WHAT YOU HAVE TO DO —
From the line containing "2017 RAM 1500 SLT - Image 3" down to the line containing "Laid Goods Front View", copy out the entries below exactly, both lines included, and nothing else; pictures do not belong in the copy.

DATA EXTRACTS —
......
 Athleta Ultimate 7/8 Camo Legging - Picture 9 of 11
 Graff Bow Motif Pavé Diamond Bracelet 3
......
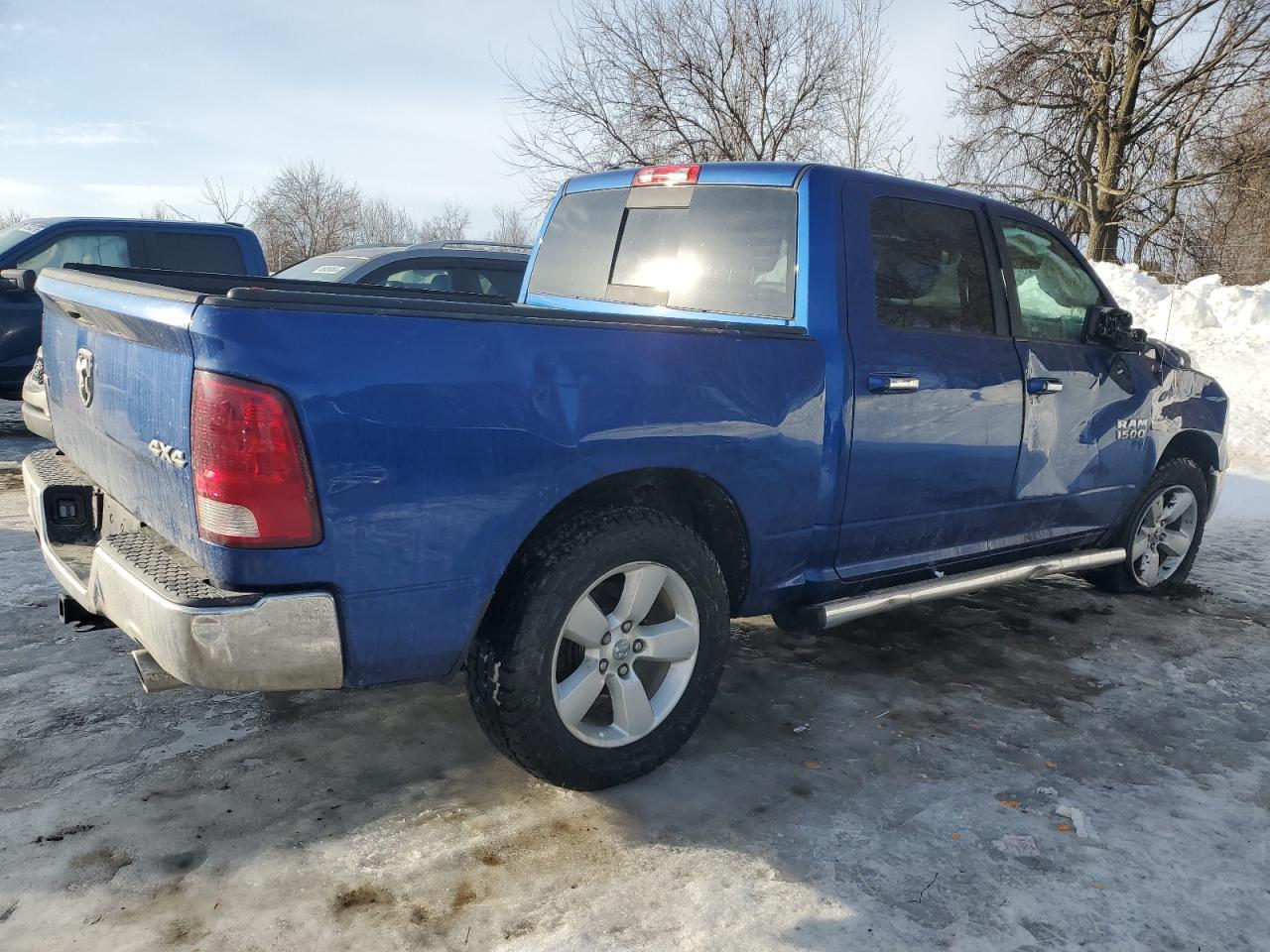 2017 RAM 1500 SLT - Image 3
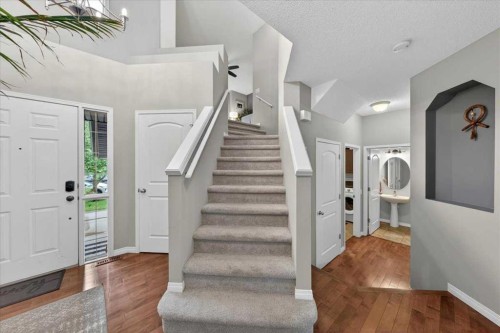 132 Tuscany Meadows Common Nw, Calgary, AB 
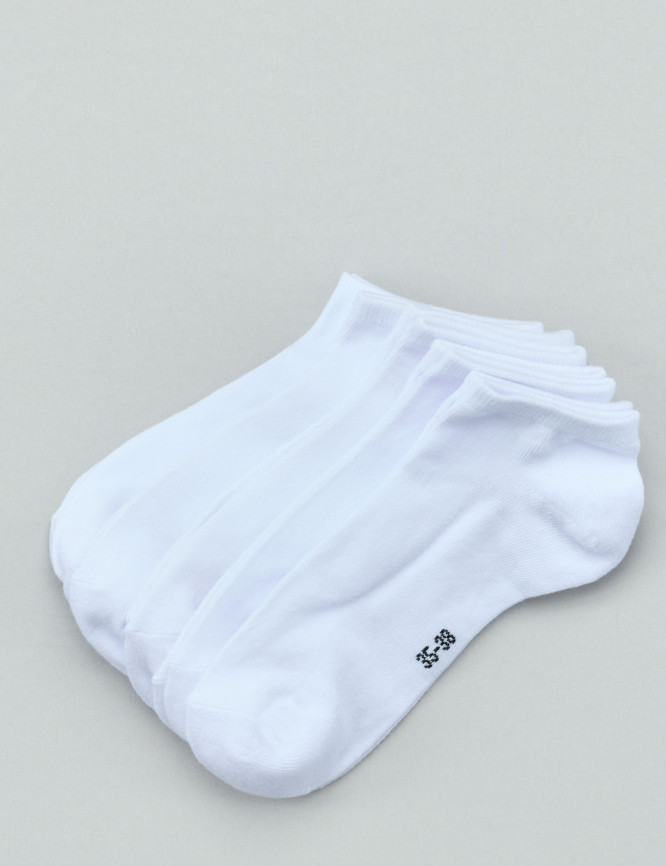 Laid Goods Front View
......
SOLUTION TO THIS PROBLEM —
 2017 RAM 1500 SLT - Image 3
 132 Tuscany Meadows Common Nw, Calgary, AB 
 Laid Goods Front View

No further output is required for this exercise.